Though the candidates rarely discussed poverty during the 2012 presidential election season, it now seems to have replaced the so-called war on women as the topic neither party can stop talking about. For the first time in my lifetime, Republicans and Democrats are trying to prove that they—not their opponents across the aisle—have a solid plan for ending income inequality in America.
While President Barack Obama makes a push for extending unemployment benefits and an increase in the minimum wage, conservatives are touting their own solution: marriage.
In a speech commemorating the anniversary of the war on poverty, Florida Sen. Marco Rubio said, “The truth is, the greatest tool to lift children and families from poverty is one that decreases the probability of child poverty by 82 percent. But it isn’t a government spending program. It’s called marriage.” George W. Bush’s former press secretary, Ari Fleischer, wrote an op-ed in Sunday’s Wall Street Journal titled, “How to Fight Income Inequality: Get Married.” And on Tuesday, the Washington Post’s Kathleen Parker penned, “To Defeat Poverty, Look to Marriage.”
So which party is right?
Regular readers of The Root already know what I have to say about single parenthood. Though it makes people uncomfortable every single time I write about it (and even though my fabulous mom was once a single mother), the data confirms that being raised by a single parent is, on average, worse for children.

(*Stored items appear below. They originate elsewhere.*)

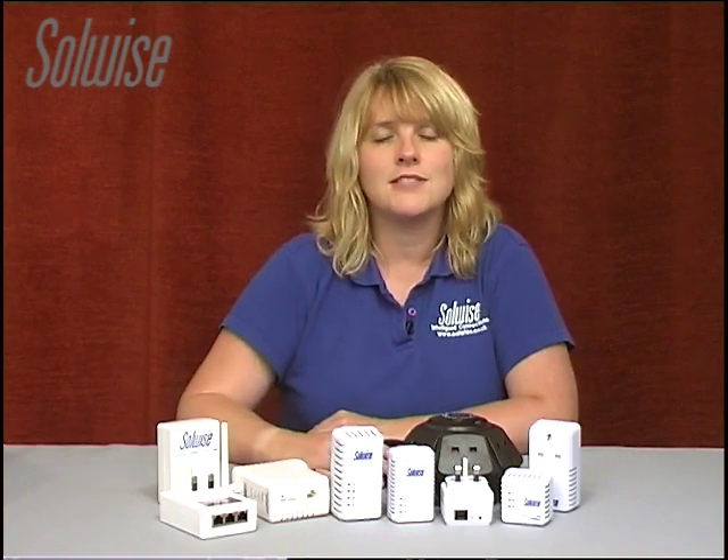This is ideal for laptops in the conservatory, iPads in the study, games consoles in the playroom, smart phones in the garden, media players and computers in teenagers' rooms. Home Plug just works.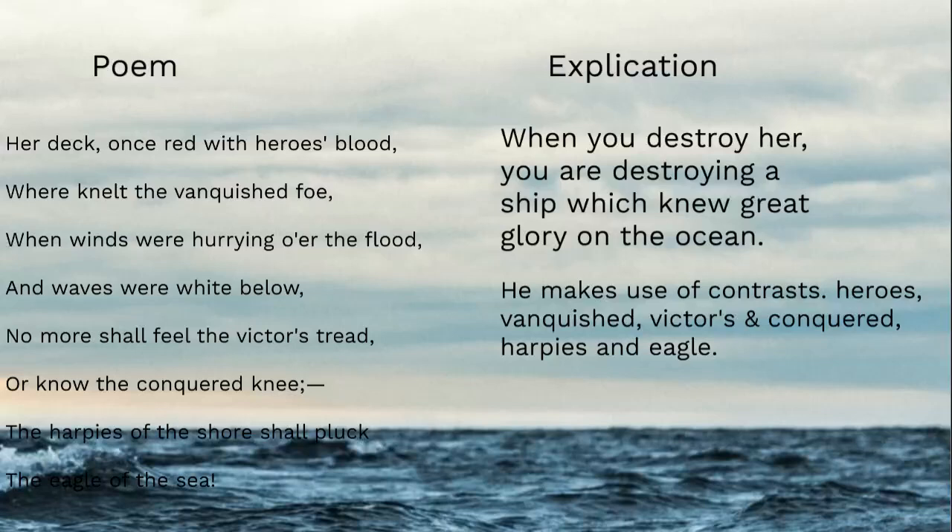The most important contrast is the harpies of the shore versus the eagle of the sea. The eagle of the sea is the USS Constitution. The harpies are an allusion to a mythological creature from Greece — a disgusting half-bird, half-human hybrid that hunted for hell, bringing people who escaped from Hades back. They were vicious, disgusting, evil. Contrast that with all the connotations of an eagle: good, proud, majestic, represents America. So who are the harpies of the shore? It's an interesting question.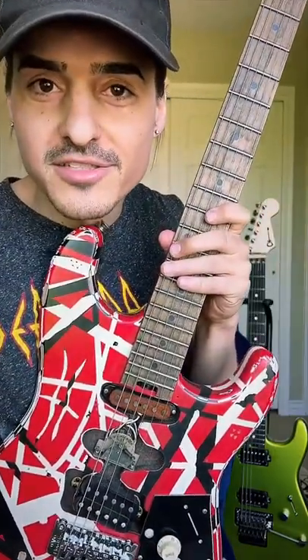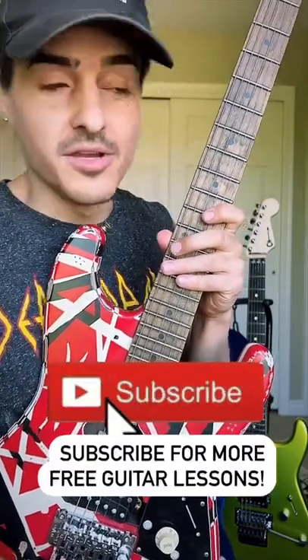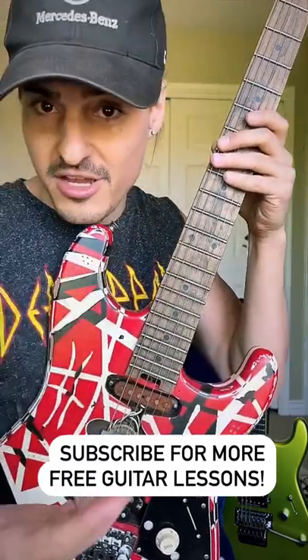Here's a really cool Eddie Van Halen style tapping lick. I like to refer to this as pattern based tapping, because you're taking the same exact thing you do on one string and you're moving it to the other strings.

That’s not because single parents—often mothers—are bad people. It’s because children are expensive. And at last count, it costs nearly $250,000 to raise a child in America, a number that does not include college costs. That means that raising a child adequately is now a tall order for two people, and a steep, steep uphill climb for one—at least if you want to do it right.
Barely getting by or living paycheck to paycheck may be OK for an adult. But that should not be the type of life into which any of us knowingly brings a child. And unless you are a member of the “1 percent,” if you are single and choose to have a child, if he is not born into poverty he will always be one emergency or one job loss away from poverty. And unless he is a gifted academic or gifted athlete, college will be an impossibility.
We should want more for children than that.
Common sense dictates that two paychecks put together will go further in running a household and raising children than one. That’s why people have roommates. So conservatives are right that marriage can make financial situations better.